С позиций филологии не понятно, каким образом автор мог прийти к подобным взглядам, — объяснение таково, что он решительно на все смотрит сквозь вагнеровские очки. Вагнер же вменяет себе в заслугу изобретение новой формы искусства, и Ницше тоже славит такое новшество как подвиг спасения, способный согласно предназначению освободить немецкий дух от унижения, в каком пребывал он столь долго. Вагнер полагал, что в исконной форме трагедии заключается нечто аналогичное его собственным устремлениям, а именно взаимодействие различ-[353]ных, наделяемых равными правами, искусств, — отсюда неблагожелательный взгляд на позднейшее развитие такой первоначальной формы, ибо как только драматическое действие становится главным делом, а музыкальный элемент отступает на задний план, уже нет места равноправию искусств, что выставляется как требование. Однако, несмотря на неодобрение со стороны Вагнера, подобное будет происходить всегда, как только искусство достигает своей вершины, потому что объединение различных искусств для одной цели мыслимо лишь при условии, что одно из них главенствует, а другие ему подчиняются; будь же все они равноправны, каждое из искусств требовало бы всего внимания и в конце концов ни одно не получало бы того, что ему положено. Так что и естественно, и неизбежно, что и лирика, и трагедия на вершине своего развития эмансипируются от музыки и последняя либо вообще выходит из употребления, либо же применяется в подчиненном смысле, что, с другой стороны, опера и оратория обращаются с поэзией лишь как с чем-то второстепенным, — подобное происходит и во всех иных областях. Равноправие же мыслимо лишь тогда, когда все одинаково незрело или все одинаково испорчено, то есть в начале и в конце развития искусства. При таких обстоятельствах Ницше оказывается в крайне невыгодном положении — он обязан либо дискредитировать наивысшие достижения искусства, как он и поступает с Софоклом и современной лирикой, либо же, если уж это никак невозможно, то отрицать какое бы то ни было отличие от праисконной формы. Так поступает он в отношении трагедии. Для него хор — это всегда хор сатиров, а герой на сцене, пусть то будет Орест, или Эдип, или Антигона, — это для него всегда Дионис в маске. Конечно, ничего подобного научными доказатель-[354]ствами не подтвердишь, отчего автор и пользуется вместо этого туманной мистикой, и в этом отношении тоже оставаясь верным своему образцу.

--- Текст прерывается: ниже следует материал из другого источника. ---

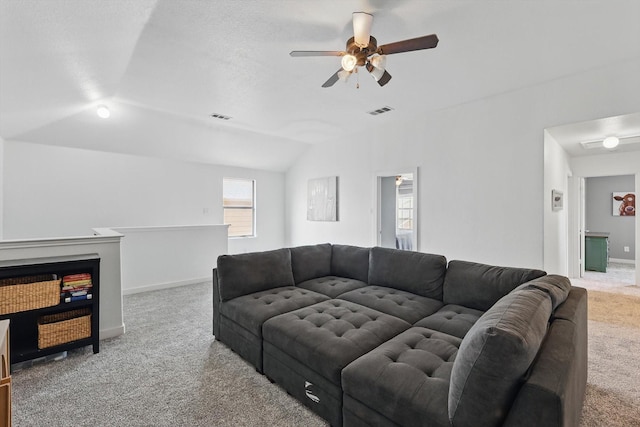 3964 Hunter Peak Rd, Fort Worth, TX 76262 - living room with carpet flooring, vaulted ceiling, ceiling fan, and baseboards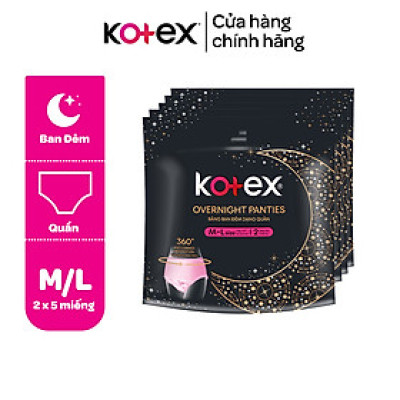 Combo 5 Băng Vệ Sinh Kotex Ban Đêm Dạng Quần cỡ M/L 5 miếng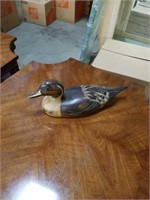 Wood carved duck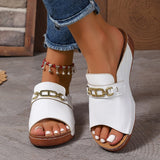 Ins Chain Wedges Sandals Summer Fashion Platform Peep-toed Slides Slippers Outdoor Thick Bottom Roman Shoes For Women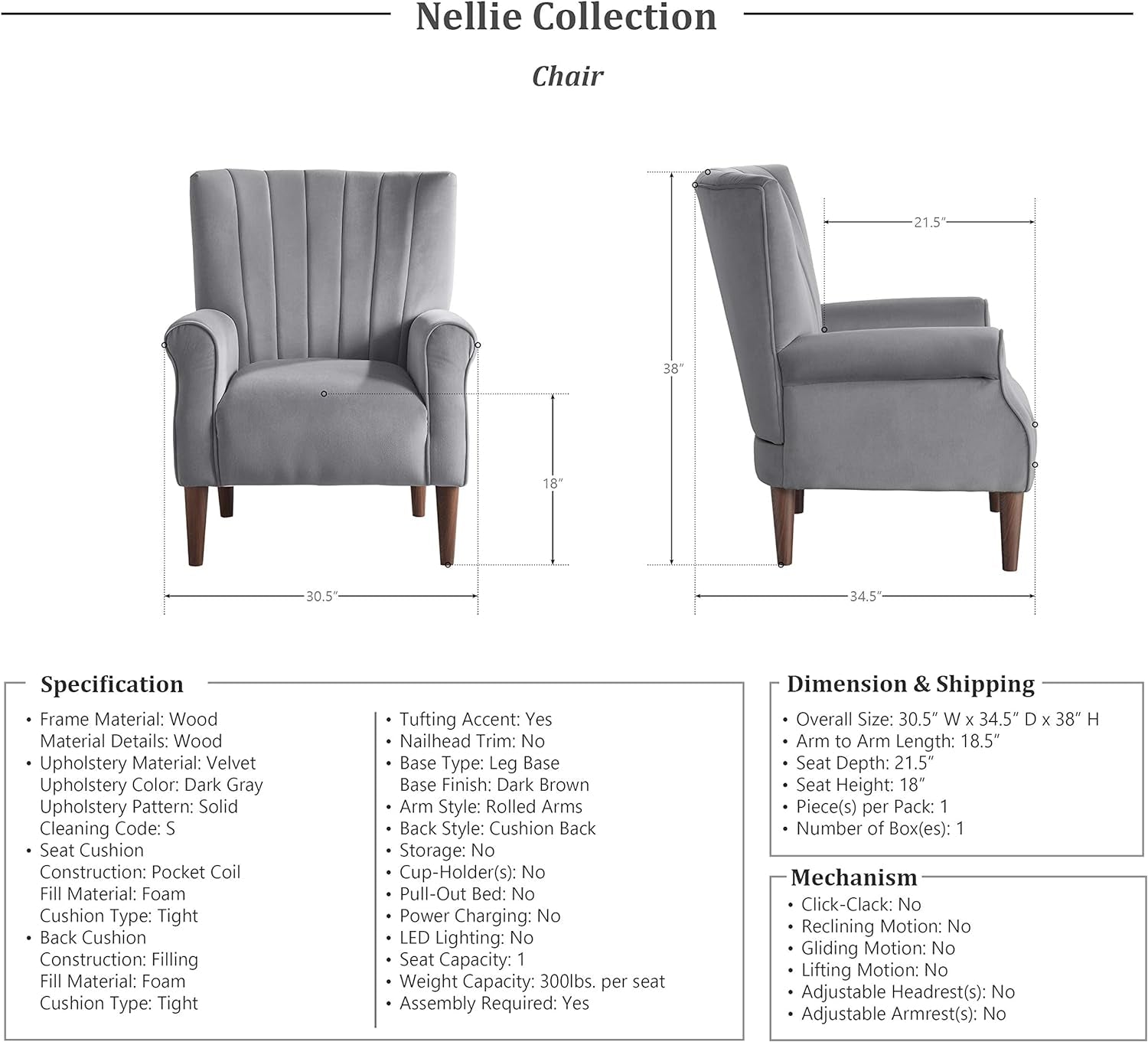 Nellie Accent Chair, Dark Gray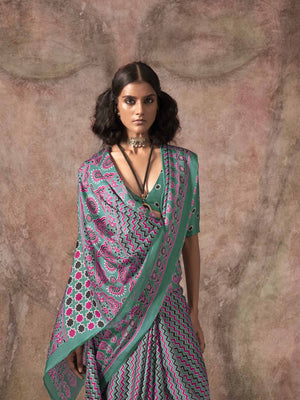 Ajrakh Printed Satin Saree - Blue Green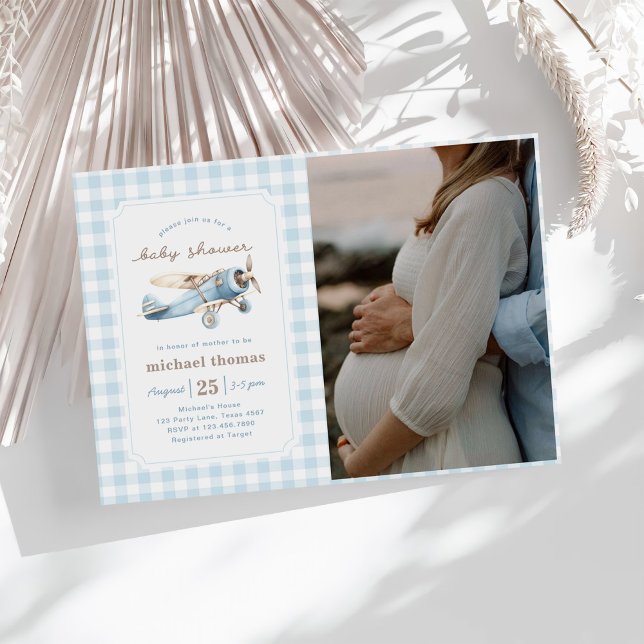 Vintage Aeroplane Boy Baby Shower Photo Invitation (Creator Uploaded)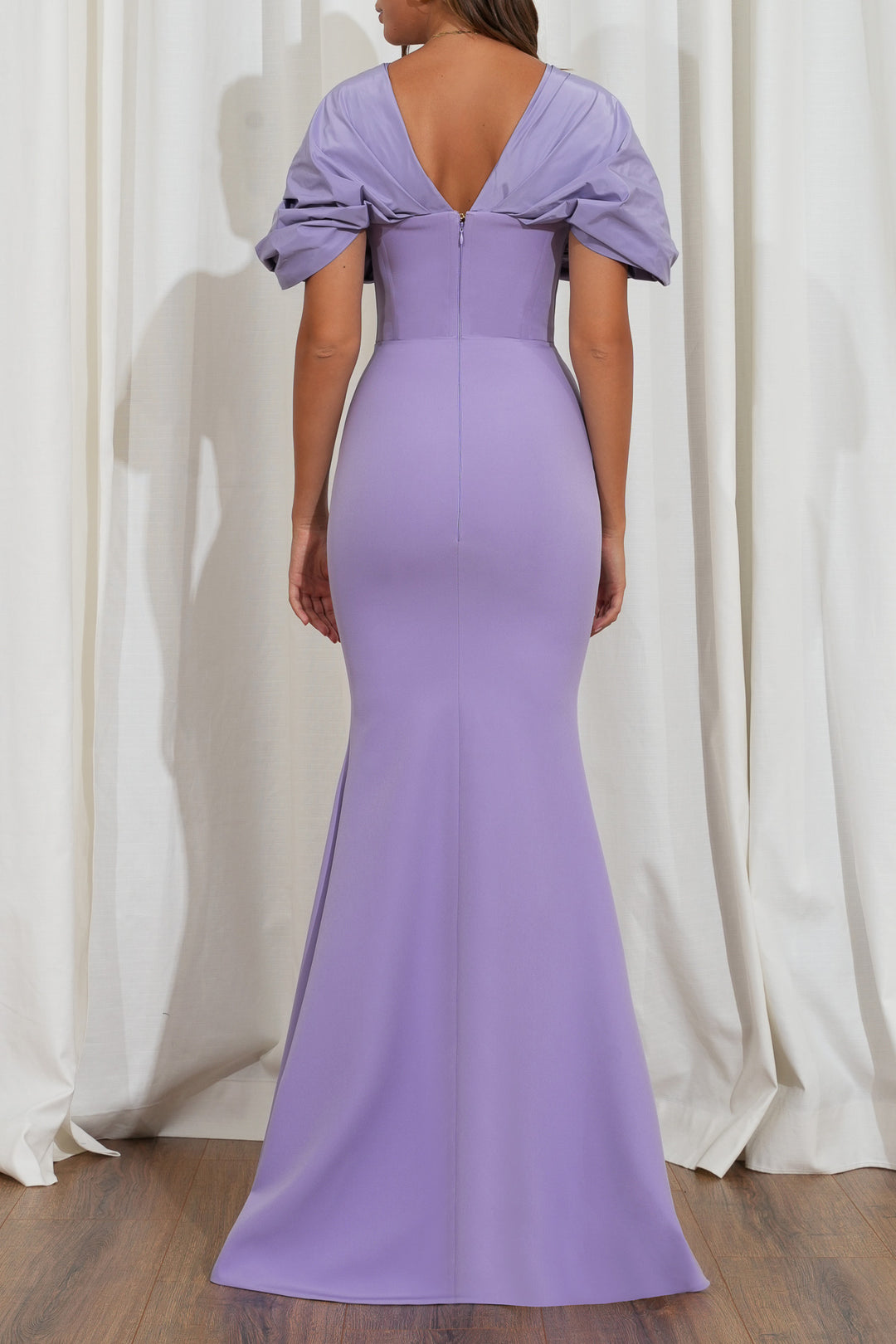 Dina Iris Purple Crepe And Taffeta Dress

Не слишком радует то, что ученый, который, как показывают отдельные детали книги, не страдает от недостатка проницательности, позволяет увлекать себя экстравагантностями просто потому, что привержен к ложному направлению искусства, однако куда хуже, когда по этой же самой причине он переходит к необоснованным нападкам на больших заслуженных ученых. Как известно, Отто Ян с глубоким знанием дела и тонким эстетическим чувством раскрыл, как никто до него, все ничтожество и всю нелепость вагнеровских затей. Понятно, что сторонников Вагнера это не слишком вдохновило. Однако вполне понятное и извинительное дурное настроение — еще не причина для того, чтобы бросать упрек в грубости и бесчувственности самому образованному и наделенному вкусом филологу.

Общая оценка книги Ницше кратко такова: попытку создания основ для той эстетики будущего, которая составила бы необходимый коррелят для музыки будущего, следует рассматривать как совершенно провалившуюся.